_Task brief:_
Look at each line of the records and count those with "urbano" in them. Please answer with the count alone.

┌──

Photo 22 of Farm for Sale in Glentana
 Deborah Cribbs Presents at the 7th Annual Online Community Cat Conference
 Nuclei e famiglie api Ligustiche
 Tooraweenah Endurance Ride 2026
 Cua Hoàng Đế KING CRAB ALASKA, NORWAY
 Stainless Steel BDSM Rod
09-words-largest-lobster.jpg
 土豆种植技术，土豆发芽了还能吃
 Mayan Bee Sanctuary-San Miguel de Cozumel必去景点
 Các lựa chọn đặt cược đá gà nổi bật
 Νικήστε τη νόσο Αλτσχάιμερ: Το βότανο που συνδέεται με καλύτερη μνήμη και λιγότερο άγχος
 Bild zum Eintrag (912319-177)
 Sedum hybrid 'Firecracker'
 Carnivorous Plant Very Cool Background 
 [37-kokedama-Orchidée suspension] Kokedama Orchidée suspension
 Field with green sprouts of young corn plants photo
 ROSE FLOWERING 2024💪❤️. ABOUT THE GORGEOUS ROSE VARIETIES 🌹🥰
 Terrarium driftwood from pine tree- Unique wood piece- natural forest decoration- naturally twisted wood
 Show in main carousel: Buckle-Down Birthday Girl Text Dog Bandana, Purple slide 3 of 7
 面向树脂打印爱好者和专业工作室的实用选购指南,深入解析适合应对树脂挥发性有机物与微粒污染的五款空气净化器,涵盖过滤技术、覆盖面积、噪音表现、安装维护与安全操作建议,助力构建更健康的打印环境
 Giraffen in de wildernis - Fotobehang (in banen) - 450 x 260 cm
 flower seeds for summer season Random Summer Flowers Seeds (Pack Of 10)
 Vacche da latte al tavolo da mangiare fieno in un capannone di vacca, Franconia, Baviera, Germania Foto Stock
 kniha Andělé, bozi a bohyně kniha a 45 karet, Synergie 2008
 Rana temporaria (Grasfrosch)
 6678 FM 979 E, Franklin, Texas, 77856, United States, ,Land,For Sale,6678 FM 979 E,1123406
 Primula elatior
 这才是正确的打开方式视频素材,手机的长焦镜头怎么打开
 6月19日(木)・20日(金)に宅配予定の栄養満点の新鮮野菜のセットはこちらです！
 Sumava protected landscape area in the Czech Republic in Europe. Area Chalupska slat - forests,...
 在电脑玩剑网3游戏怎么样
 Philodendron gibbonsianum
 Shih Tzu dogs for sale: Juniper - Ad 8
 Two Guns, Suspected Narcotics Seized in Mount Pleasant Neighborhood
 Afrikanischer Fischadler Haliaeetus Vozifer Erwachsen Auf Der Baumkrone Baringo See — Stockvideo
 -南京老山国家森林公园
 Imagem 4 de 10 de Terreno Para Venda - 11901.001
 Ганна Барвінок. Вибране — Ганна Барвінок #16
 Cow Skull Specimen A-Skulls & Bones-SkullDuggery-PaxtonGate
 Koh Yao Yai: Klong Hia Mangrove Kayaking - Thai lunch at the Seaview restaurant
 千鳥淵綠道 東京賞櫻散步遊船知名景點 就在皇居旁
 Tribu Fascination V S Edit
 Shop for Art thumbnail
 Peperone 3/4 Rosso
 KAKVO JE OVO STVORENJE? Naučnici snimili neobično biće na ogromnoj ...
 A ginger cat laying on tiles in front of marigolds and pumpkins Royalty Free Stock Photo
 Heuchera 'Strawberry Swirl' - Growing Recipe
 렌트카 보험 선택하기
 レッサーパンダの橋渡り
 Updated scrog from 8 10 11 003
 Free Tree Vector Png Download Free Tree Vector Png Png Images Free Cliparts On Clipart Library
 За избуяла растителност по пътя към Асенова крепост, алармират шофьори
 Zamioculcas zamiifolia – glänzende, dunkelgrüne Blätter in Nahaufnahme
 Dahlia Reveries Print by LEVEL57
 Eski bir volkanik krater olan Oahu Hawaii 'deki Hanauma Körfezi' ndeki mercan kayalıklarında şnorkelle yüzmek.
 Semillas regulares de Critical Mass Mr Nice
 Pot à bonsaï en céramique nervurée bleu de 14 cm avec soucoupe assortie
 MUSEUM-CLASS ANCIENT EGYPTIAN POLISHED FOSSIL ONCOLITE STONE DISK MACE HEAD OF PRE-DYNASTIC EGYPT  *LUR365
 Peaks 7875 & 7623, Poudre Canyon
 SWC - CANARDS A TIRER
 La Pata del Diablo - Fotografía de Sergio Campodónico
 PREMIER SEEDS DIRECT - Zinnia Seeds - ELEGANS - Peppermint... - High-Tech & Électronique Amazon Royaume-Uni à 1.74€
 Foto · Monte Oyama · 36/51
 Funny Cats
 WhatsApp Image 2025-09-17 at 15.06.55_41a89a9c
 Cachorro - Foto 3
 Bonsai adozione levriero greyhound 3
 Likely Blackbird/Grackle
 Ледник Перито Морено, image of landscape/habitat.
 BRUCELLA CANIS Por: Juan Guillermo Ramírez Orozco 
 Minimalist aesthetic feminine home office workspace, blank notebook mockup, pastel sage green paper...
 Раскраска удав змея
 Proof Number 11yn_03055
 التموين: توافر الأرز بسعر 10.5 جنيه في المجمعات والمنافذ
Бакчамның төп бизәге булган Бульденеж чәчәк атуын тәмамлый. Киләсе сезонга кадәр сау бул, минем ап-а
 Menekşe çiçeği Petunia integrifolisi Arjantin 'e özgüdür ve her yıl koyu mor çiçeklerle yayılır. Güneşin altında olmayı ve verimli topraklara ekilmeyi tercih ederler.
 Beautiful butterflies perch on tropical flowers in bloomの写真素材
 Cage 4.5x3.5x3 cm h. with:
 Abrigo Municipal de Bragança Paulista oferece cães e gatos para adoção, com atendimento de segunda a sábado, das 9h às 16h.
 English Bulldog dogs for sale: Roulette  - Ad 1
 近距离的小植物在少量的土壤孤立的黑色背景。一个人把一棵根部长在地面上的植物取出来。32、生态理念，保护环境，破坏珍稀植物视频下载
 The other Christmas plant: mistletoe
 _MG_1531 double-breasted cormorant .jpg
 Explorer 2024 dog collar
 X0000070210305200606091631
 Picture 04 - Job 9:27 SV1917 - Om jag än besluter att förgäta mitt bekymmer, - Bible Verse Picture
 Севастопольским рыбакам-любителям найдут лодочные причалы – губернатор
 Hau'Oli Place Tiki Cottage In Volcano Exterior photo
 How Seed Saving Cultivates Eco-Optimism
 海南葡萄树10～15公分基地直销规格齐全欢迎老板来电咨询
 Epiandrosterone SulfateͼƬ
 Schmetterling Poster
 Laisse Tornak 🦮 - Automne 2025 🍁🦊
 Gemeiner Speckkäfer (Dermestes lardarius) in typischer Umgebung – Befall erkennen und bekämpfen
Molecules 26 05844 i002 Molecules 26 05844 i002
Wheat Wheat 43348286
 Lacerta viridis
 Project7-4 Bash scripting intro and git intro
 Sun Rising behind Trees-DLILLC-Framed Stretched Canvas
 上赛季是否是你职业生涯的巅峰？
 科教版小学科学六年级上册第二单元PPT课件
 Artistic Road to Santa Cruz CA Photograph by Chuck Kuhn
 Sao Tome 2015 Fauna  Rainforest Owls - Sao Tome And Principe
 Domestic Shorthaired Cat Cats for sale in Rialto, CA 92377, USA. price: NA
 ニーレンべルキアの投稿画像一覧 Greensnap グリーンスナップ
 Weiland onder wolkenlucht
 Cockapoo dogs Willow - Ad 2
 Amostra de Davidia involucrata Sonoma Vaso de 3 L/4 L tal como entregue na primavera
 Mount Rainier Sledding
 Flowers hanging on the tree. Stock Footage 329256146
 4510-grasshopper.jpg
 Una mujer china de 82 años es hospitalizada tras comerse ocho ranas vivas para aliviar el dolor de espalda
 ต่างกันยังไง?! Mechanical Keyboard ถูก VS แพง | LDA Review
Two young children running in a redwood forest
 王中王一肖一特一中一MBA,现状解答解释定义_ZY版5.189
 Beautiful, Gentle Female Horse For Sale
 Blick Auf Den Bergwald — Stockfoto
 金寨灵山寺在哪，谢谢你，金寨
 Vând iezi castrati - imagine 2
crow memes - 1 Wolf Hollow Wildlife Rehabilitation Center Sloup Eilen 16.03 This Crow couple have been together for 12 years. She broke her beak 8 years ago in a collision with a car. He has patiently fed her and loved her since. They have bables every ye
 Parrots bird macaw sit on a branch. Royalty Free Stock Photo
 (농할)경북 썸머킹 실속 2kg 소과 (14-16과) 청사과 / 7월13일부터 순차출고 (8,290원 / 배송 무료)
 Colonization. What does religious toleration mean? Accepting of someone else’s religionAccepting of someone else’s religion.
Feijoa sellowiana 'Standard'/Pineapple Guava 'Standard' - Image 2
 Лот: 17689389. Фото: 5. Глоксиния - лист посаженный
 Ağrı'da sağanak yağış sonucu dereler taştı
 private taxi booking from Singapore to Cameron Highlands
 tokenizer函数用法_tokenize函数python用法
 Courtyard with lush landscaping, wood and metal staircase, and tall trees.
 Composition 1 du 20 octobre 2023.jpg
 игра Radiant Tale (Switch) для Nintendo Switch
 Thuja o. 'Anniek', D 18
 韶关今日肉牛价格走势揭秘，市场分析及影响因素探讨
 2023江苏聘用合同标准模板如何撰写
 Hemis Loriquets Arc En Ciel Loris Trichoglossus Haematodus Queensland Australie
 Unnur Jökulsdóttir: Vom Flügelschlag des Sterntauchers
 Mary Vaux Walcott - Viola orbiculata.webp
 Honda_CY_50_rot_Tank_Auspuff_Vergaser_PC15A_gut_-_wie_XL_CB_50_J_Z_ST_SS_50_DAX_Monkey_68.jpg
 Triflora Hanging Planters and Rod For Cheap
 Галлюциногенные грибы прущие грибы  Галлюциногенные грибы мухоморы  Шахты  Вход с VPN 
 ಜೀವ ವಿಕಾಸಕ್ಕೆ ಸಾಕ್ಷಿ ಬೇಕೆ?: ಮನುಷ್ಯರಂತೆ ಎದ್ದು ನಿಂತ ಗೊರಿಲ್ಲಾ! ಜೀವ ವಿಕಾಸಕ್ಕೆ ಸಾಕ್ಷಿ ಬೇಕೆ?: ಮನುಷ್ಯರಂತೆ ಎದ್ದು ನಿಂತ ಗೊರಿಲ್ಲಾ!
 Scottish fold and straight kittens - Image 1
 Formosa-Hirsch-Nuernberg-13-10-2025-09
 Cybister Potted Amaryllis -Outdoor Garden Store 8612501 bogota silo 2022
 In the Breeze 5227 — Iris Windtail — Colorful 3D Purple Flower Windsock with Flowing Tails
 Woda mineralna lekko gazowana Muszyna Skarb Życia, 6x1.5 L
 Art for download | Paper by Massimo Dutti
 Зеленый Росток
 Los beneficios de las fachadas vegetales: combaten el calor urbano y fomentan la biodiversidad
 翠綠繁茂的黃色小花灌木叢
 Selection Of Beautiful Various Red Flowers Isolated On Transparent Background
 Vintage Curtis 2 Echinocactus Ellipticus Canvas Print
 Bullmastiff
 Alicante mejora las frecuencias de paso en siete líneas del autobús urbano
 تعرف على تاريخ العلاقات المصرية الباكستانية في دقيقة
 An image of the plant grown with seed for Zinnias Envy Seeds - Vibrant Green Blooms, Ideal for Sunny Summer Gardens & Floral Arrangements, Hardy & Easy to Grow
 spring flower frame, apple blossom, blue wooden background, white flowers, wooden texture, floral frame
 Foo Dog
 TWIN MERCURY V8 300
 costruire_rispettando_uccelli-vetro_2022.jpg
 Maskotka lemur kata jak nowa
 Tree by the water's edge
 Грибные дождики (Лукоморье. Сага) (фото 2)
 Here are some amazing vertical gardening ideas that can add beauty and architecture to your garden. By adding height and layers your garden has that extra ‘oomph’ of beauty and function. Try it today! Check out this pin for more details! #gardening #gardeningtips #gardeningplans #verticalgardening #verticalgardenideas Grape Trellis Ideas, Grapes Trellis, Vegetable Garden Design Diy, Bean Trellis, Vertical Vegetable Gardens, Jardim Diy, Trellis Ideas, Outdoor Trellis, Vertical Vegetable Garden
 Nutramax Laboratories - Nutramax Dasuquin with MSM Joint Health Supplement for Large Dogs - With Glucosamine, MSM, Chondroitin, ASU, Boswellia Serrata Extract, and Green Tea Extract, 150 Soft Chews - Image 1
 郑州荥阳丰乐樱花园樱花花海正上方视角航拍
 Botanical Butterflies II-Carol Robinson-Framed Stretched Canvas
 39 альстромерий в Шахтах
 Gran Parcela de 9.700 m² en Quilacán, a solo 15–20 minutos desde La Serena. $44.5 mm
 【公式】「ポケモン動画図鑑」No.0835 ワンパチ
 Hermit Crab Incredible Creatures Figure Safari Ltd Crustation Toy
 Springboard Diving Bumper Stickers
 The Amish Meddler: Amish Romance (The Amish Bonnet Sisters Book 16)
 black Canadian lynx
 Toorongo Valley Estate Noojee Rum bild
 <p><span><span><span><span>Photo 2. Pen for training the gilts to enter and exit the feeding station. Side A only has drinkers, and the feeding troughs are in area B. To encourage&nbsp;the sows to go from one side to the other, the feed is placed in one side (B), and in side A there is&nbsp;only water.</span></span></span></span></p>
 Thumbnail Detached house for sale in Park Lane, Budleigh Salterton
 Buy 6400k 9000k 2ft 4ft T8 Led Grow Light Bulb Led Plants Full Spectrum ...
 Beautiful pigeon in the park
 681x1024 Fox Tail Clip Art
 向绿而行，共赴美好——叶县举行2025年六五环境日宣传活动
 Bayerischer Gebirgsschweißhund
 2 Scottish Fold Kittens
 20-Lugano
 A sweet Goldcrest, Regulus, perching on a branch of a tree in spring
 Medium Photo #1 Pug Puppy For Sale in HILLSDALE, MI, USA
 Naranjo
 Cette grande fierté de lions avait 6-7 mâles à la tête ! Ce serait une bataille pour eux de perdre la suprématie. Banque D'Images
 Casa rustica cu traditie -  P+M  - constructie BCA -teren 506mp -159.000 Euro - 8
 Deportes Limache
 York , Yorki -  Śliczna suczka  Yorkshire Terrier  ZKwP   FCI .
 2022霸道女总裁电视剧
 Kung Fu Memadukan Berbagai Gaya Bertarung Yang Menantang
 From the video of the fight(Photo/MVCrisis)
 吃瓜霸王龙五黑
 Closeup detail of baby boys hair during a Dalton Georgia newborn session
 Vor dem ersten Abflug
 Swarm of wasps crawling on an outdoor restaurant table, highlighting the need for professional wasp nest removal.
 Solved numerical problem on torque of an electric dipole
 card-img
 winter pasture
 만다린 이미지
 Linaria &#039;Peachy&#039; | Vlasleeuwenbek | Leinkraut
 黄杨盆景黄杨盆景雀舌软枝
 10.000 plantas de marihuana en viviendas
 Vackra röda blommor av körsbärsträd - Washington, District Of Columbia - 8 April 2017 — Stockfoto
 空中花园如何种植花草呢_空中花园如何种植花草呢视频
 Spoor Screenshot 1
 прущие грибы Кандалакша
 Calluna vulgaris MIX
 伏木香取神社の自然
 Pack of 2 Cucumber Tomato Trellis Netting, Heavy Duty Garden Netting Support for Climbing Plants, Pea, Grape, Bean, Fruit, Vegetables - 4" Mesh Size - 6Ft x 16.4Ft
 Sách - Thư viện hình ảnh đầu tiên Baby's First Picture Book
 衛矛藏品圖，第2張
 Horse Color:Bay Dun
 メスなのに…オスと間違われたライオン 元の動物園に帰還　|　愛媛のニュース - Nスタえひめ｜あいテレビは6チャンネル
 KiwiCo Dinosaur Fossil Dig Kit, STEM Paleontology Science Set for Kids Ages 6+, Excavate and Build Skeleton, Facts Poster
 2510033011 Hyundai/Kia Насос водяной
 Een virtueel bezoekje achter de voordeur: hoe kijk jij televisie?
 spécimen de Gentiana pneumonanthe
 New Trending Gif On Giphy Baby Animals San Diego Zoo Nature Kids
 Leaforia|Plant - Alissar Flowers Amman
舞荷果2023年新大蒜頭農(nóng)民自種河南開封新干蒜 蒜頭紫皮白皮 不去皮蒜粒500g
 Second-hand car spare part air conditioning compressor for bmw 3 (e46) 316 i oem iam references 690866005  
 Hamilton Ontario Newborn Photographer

└──

_Result:_
2